Figure 8: Moving further away from the passband, the attenuation of the RF2040E over the 200 to 2000 MHz range increases by another 20 to 30 dB, as compared to close to the passband.

Figure 9: Ripple within the passband is a tight 1.0 dB, which keeps amplitude distortion low and simplifies signal processing.

Input impedance is 50 Ω, while output impedance is 130 Ω; again, the vendor provides input and output Smith charts to aid impedance matching, (Figure 10 and Figure 11), respectively. Maximum input power level is 15 dBm for this 3.0 × 3.0 mm 8-lead package which is just 1 mm thick.

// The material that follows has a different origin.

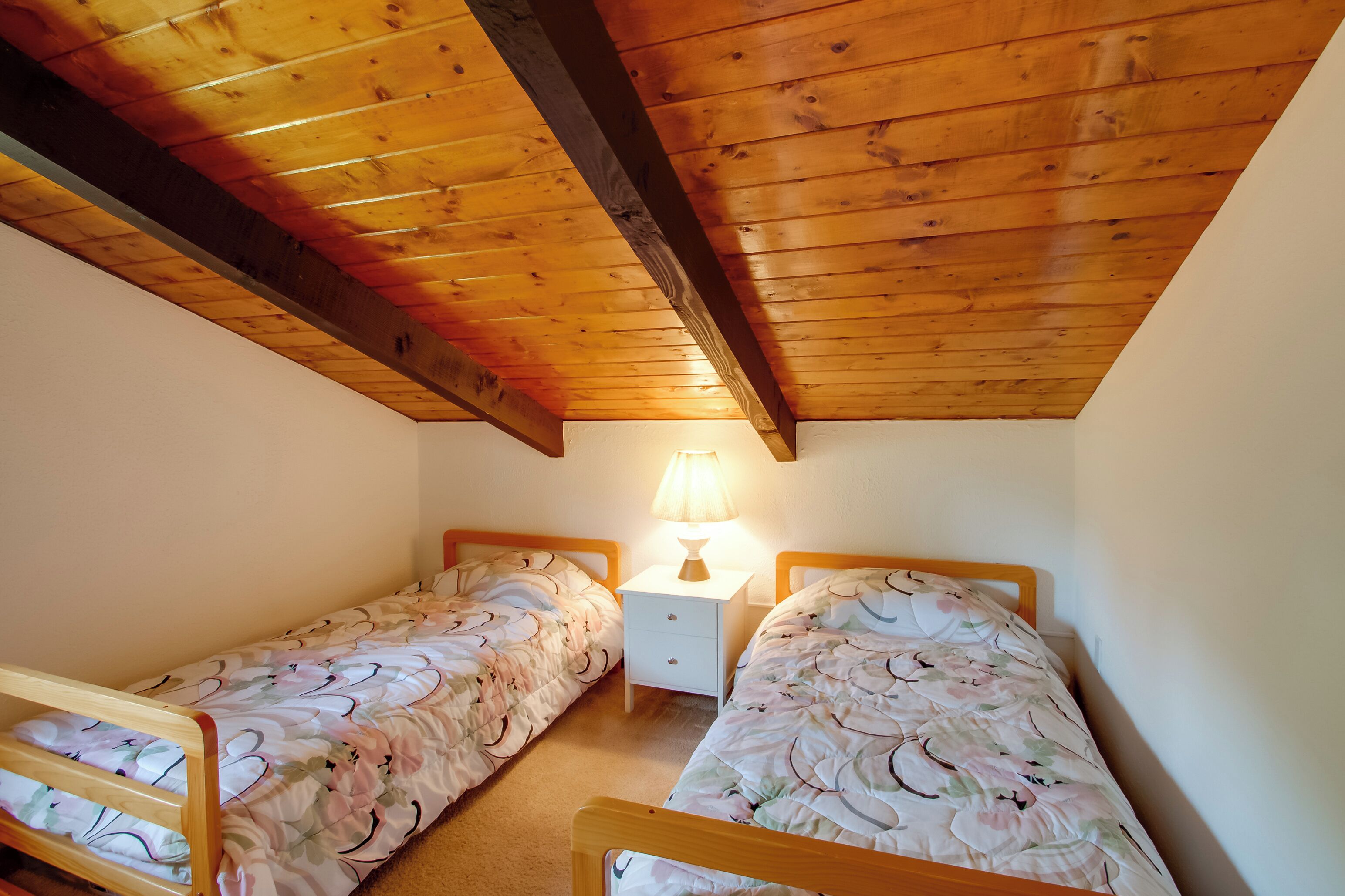 A small, cozy room with two single beds, a nightstand with a lamp, and wooden beams on the ceiling.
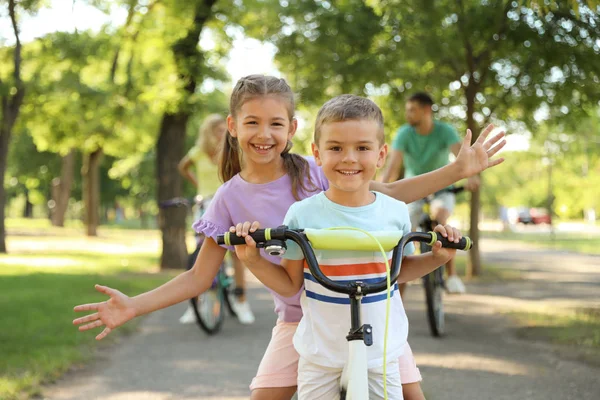 Heureux frères et sœurs et leurs parents faisant du vélo dans le parc — Photo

Figure 10: The Smith chart of the RF2040E input is critical when matching to minimize loss and reflections between front-end input amplifier and the SAW filter input.

Figure 11: While the RF2040E has a 50 Ω nominal input impedance, the output impedance is 130 Ω; designers must take this into account for the subsequent matching stage.

Summary

Filters are critical in all wireless and wired signal-processing systems. If filters had to be built from discrete resistors, capacitors and inductors, today’s high-performance and function-packed RF designs would not be possible due to the size, cost and, most important, the adverse and unpredictable impact of parasitics on the physical filter implementation. Fortunately, acoustic/electronic filters using surface waves on piezoelectric materials—SAW filters—allow IC design and fabrication techniques to be used to design high-performance passive monolithic filters which are tiny, predictable, very low cost, and tailored to meet specific applications requirements. As a result, the engineering task of filter design for RF applications has been changed into one of filter selection, a far easier and faster process.